Regarding the first topic, particularly useful for me were the meetings with Prof. Margherita Fantoli, PhD student Laura Soffiantini and Dr. Maria Mihaela Truşcǎ, who is collaborating to the HTR section of the STUDIUM.AI project. First of all, I had the opportunity to know more about the interesting STUDIUM.AI project, dedicated to the study of handwritten notes from early modern students of the Old University of Leuven, applying HTR recognition tools as a first step to understand and reconstruct the knowledge network behind these historical documents. We also compared HTR tools and resources and discussed which strategies could be the most useful for my PhD project. I confirmed my initial idea of using the application eScriptorium for HTR and layout recognition tasks, because it is compliant with the principles of Open Science (Fig. 2). Specifically, after the productive exchanges of ideas, I decided that I will also try to use YOLO models, based on an object detection algorithm, for the layout analysis of epigraphic printed and handwritten documents. Of great importance for me was also the meeting with Dr. Tom Gheldof, expert in Digital Epigraphy. His suggestions helped me in defining the steps to create a digital edition of epigraphic manuscripts, starting from the possibilities offered by TEI (Text Encoding Initiative) XML standards. Moreover, the second day of my visit, thanks to the staff of the KU Leuven Libraries’ Digitisation Department, I had the opportunity to visit the Imaging Lab, dedicated to the digitisation of heritage documents with advanced technologies (Fig. 3).


Fig. 3: Imaging Lab

The period of time spent in Leuven was useful also to discover more about the modelling of data and the analysis, publication and reuse of metadata. Of particular interest for me in order to know more about the process of modelling data was the meeting with Professor Mark Depauw, which gave me the possibility to understand the complex relational database structure behind the research platform Trismegistos.

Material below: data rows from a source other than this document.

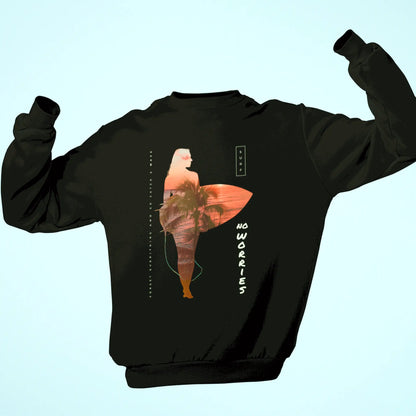 Black crewneck with sunset surfer girl and palm silhouettes – Μαύρο φούτερ με κορίτσι σέρφερ στο ηλιοβασίλεμα και σιλουέτες φοινίκων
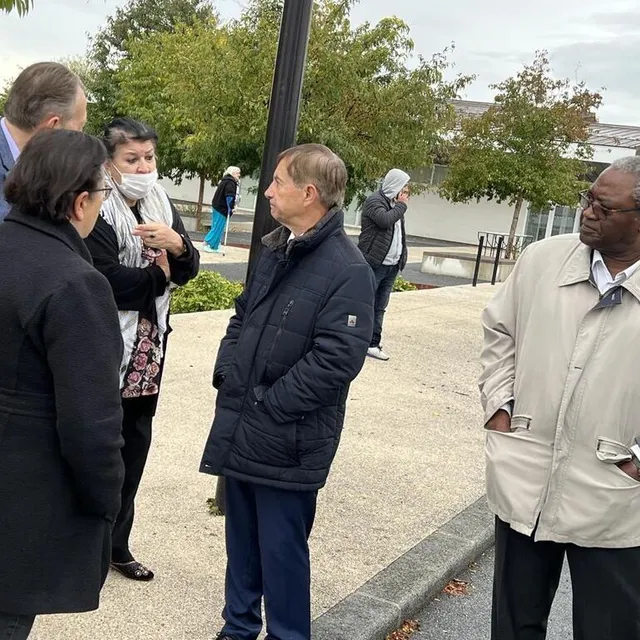 photo le maire joaquim pueyo et le préfet sébastien jallet se sont rendus dans le quartier, mercredi matin.  ©  ouest-france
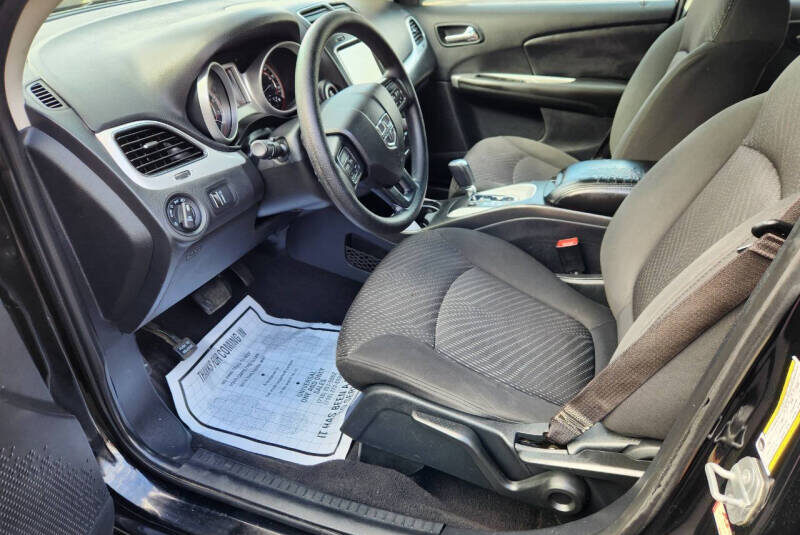 2018 Dodge Journey Black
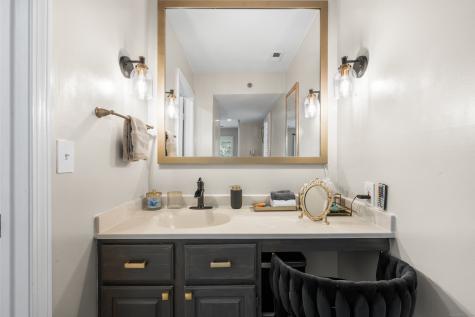 2122 Old Pond Lane Norwich CT 06360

Furthermore, I had the opportunity to attend a presentation and a practical workshop, organised by Gustavo Candela and Nele Gabriëls thanks to the Impact collaboration (Fig. 4). These events, based on Gustavo’s experience in managing digital library metadata at the Biblioteca Virtual Miguel de Cervantes and at the National Library of Scotland, were dedicated to define a workflow for publishing datasets connected to cultural heritage and GLAM (Galleries, Libraries, Archives, Museums) institutions as machine readable data. Specific attention was offered to the enrichment process through external resources (like Wikidata), to the visualisation of data and their publication as LOD. Particularly useful was the practical part of the workshop, assisted by a Github repository (Github Leuven Collections as data) with resources, bibliographical references and exercises produced through Jupyter notebooks and using datasets created and maintained by KU Leuven Libraries. These events gave me the opportunity to discover new technologies, which I will be able to apply to the epigraphic datasets I am creating for my PhD research. The adoption of this method will allow me to enrich the data collected, for example through external resources like the gazetteer of ancient places Pleiades.

Together with the hosting institution and the Impact centre we are planning to write an article focusing on the application of Jupyter notebooks to the data of my PhD project, following the workflow defined during the workshop and built on 4 main steps: exploration, extraction, transformation and reuse of data.


Fig. 4: Conference on “Collections as Data” by Gustavo Candela

In conclusion, the visit to KU Leuven has been a really significant experience for me, both for my personal and professional growth. I had the opportunity to present my PhD project to several researchers and professors, and to receive valuable suggestions from them. Furthermore, during this week I learned to use new resources and technologies (for example, Jupyter notebooks) and I was able to observe the data I am working on from different points of view. I am really grateful for this experience, and I am sure that it will have a positive impact on the further steps of my PhD research.